Years back, I went to a medical museum in Bangkok where they had corpses on display along with different parts the body. For example, they had taken one person’s nervous system, and had removed everything else from the body and just left the nerves. You got to see all the different parts the body laid out. You realized what a great leveler death was. Those bodies that were floating in those formaldehyde vats: They had had their hopes, they had had their dreams, they had had their worries. But now those were all past. I came out of the museum with a huge sense of relief, the ability to step back from my own hopes and worries and dreams. I began to see how a lot of them were very small and minor. They weren’t worth all the agitation that usually accompanied them.

So this ability to develop samvega is an important part of the practice, seeing that your ordinary everyday concerns really are petty and minor, and you’ve got much more important things to deal with. No matter how big they are in terms of your life, your life is going to end at some point, and then they’re not going to matter at all. What really matters is the quality of your mind.
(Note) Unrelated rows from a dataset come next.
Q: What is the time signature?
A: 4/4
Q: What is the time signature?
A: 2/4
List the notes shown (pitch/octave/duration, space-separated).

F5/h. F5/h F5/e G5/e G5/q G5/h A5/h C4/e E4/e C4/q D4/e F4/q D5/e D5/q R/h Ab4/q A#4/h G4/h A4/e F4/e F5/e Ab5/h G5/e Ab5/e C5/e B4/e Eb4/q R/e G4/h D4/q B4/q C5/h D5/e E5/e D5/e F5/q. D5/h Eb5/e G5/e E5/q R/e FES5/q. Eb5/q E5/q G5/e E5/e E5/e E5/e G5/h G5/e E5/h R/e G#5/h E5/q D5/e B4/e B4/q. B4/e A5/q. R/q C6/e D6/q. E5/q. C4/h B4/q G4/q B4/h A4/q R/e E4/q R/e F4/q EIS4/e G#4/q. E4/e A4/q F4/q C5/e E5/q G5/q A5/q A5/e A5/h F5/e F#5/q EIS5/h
This is where you pair your samvega with pasada: There is a way to develop the quality of your mind. You’ve got these potentials. You’ve got the potentials for unskillful qualities, but you’ve also got the potential for skillful ones. And you can emphasize the skillful ones. They are there. So no matter how all-encompassing your worries and irritations are, remember they’re not totally all around you.

Think of them as being like a holograph. There’s always one spot in the holograph that’s empty, open. Try to find that. What would be the conditions under which is particular world would not matter at all? That’s the opening in the holograph, so that you can step out. Or that’s the spot that you can burst the bubble.
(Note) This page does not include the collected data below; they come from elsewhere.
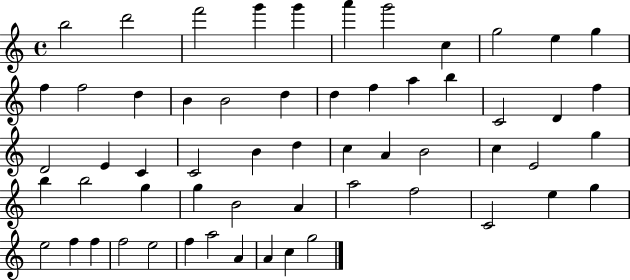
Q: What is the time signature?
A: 4/4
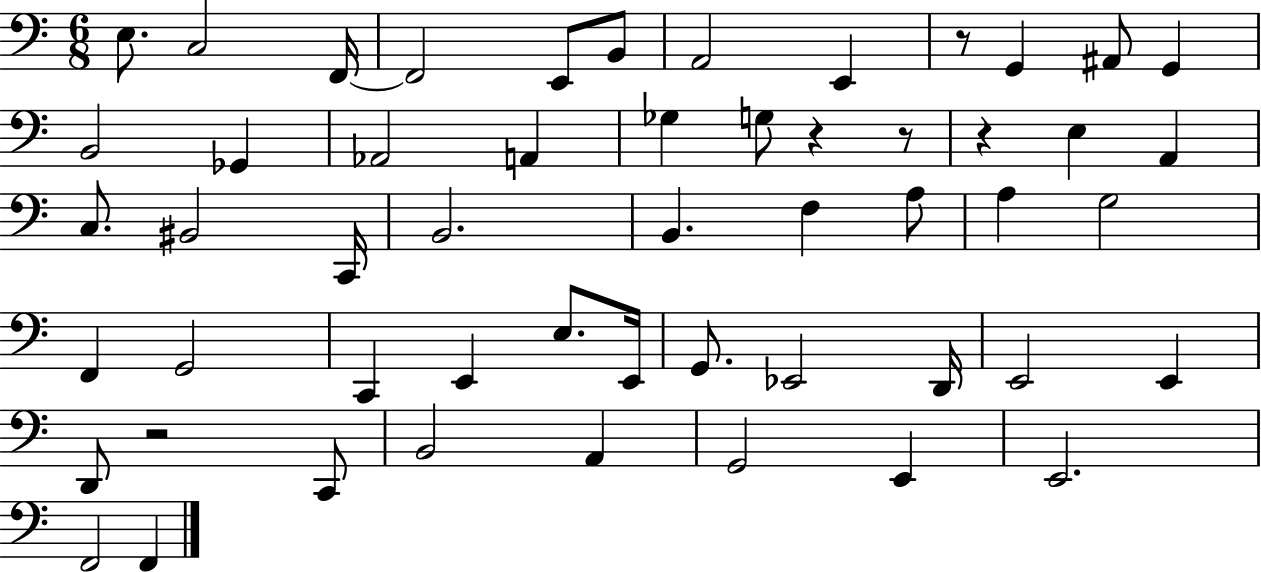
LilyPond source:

{
  \clef bass
  \numericTimeSignature
  \time 6/8
  \key c \major
  e8. c2 f,16~~ | f,2 e,8 b,8 | a,2 e,4 | r8 g,4 ais,8 g,4 | \break b,2 ges,4 | aes,2 a,4 | ges4 g8 r4 r8 | r4 e4 a,4 | \break c8. bis,2 c,16 | b,2. | b,4. f4 a8 | a4 g2 | \break f,4 g,2 | c,4 e,4 e8. e,16 | g,8. ees,2 d,16 | e,2 e,4 | \break d,8 r2 c,8 | b,2 a,4 | g,2 e,4 | e,2. | \break f,2 f,4 | \bar "|."
}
Now, as soon as one bubble is burst, it may come back again. It gets blown again, and you get into it again. But the more you remember that there are these spots where you can step outside— there are these other potentials, these other properties, that you can emphasize, that you can bring to the fore—then the less you’re imprisoned by your thoughts, imprisoned by your worries. There is a way out.

And you’ve got this range of skills for doing it. On the one hand, you’ve got the breath. No matter how bad things get, you can always stop and say, “At least I can breathe in a way that’s not agitating, in a way that’s not restless.” Then when the thoughts come back and say, “Hey, wait a minute, you’ve got to worry about this, you’ve got to get worked up about that,” that’s when you use the contemplation of death or whatever else you can use to develop a sense of samvega that “This stuff really is unimportant. There’s no reason for me to allow it to encompass my mind, to overwhelm my mind. I’ve got other things that are more important.”

So always remember that you’ve got the possibility to step outside and look at the thought from the outside, to see it simply as an event, as a state of becoming that’s moved into the mind, but you don’t have to move in with it. You do have that choice. So you want to make the most of it.